Overall 12+ years’ experience including atleast 5 Years of Management experience leading a team of engineers
5+ years of experience proving reliability engineering for distributed apps and technologies – Cassandra, Solr, Kafka
Hands on manager who likes fixing complex performance and scale problems
Excellent problem solving, critical thinking, and communication skills – Lead by example to motivate and challenge the team to deliver their best
Strong Experience leading multi-functional initiatives and thought leadership
Zoom in and zoom out to clear out ambiguity and set a clear path forward
Have a passion for automation by creating tools using Python, Java or other JVM languages
Strong expertise in solving complex production issues
Should be adept at prioritizing multiple issues in a high pressure environment
Should be able to understand complex architectures and be comfortable working with different teams
Ability to conduct performance analysis and fix large scale distributed systems
Should be highly proactive with a keen focus on improving uptime availability of our mission-critical services
Comfortable working in a fast paced environment while continuously evaluating emerging technologies
The position requires solid knowledge of secure coding practices and experience with the open source technologies
We are seeking a hands-on Manager who has end to end experience managing distributed applications and underlying data layers.
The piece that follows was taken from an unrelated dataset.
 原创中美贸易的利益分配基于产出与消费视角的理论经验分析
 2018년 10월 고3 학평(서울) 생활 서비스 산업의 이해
You are responsible for availability, security and reliability of many key applications in AML portfolio. You have grown into leadership roles after proving your technical skills in individual contributor roles but still enjoy hands on work when the situation calls for it. You have designed and built large scale application environments for availability, security and reliability serving hundreds of millions of request/day and billions of database calls/day. You keep yourself informed about the choices and trade off as the new technology evolves in the data and infrastructure landscape. You have an eye for talent and hire and grow your engineers by mentoring and challenging them. You will collaborate across many teams to deliver on projects and provide SRE support for reliability of these managed services.
You will have significant opportunity to influence and shape our platform and infrastructure strategy as we work on the next generation of our architecture, platform and processes.
Education & Experience
• B.Tech/BE degree or equivalent from a reputed college
Experience with running infrastructure in AWS and Kubernetes
Experience building and operating large scale Hadoop/Spark/Kafka data infrastructure used for machine learning in a production environment
Experience in tuning complex Hive and Spark queries
Expertise in debugging Hadoop/Spark/Hive issues using Namenode, Datanode, Nodemanager and Spark executor logs.
Experience in Capacity management on multi tenant Hadoop cluster
Experience in Workflow and data pipeline orchestration (Airflow, Oozie, Jenkins etc.)
Experience in Jupyter based notebook infrastructure.